▶

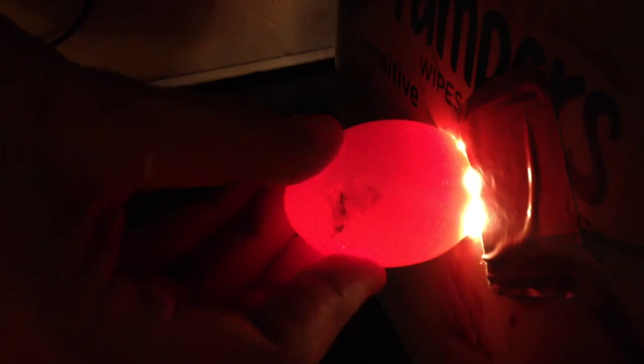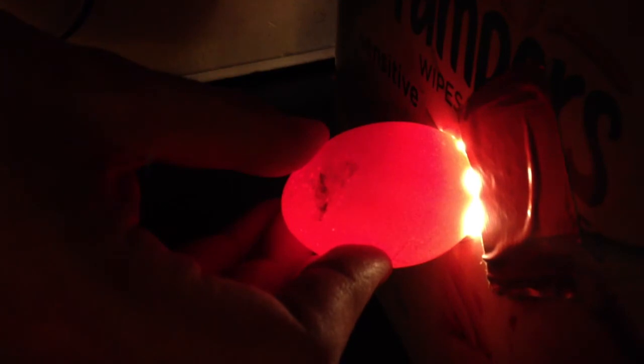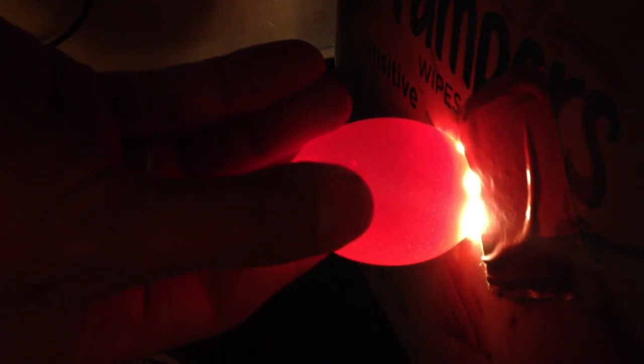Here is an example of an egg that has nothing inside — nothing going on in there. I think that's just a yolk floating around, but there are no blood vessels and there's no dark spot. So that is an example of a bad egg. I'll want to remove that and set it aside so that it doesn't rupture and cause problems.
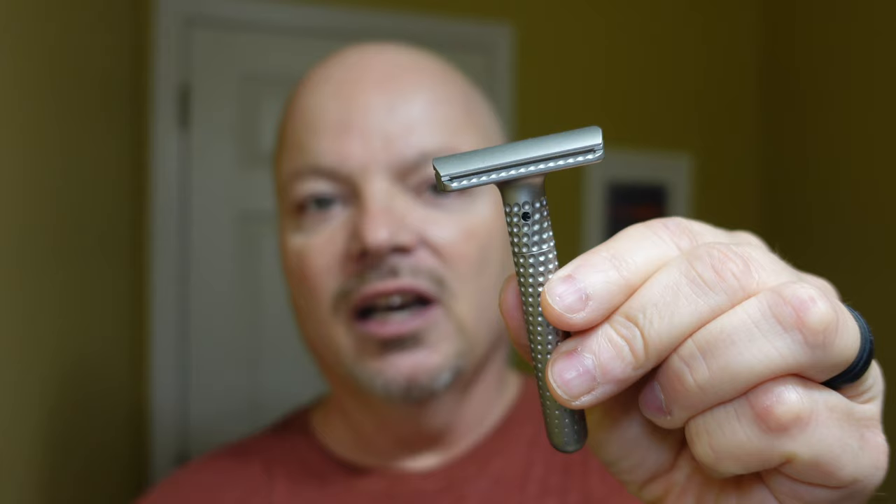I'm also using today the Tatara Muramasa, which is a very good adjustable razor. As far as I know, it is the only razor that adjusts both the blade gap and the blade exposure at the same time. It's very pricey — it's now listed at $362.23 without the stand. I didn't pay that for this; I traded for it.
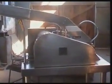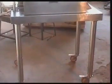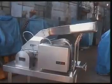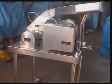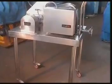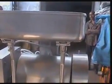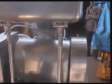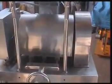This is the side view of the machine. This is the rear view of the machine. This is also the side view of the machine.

◀

Write out exactly the lines above, from the very first through the line containing "I'm also using", both kept, with the pictures removed.

Here is an example of an egg that has nothing inside — nothing going on in there. I think that's just a yolk floating around, but there are no blood vessels and there's no dark spot. So that is an example of a bad egg. I'll want to remove that and set it aside so that it doesn't rupture and cause problems.
I'm also using today the Tatara Muramasa, which is a very good adjustable razor. As far as I know, it is the only razor that adjusts both the blade gap and the blade exposure at the same time. It's very pricey — it's now listed at $362.23 without the stand. I didn't pay that for this; I traded for it.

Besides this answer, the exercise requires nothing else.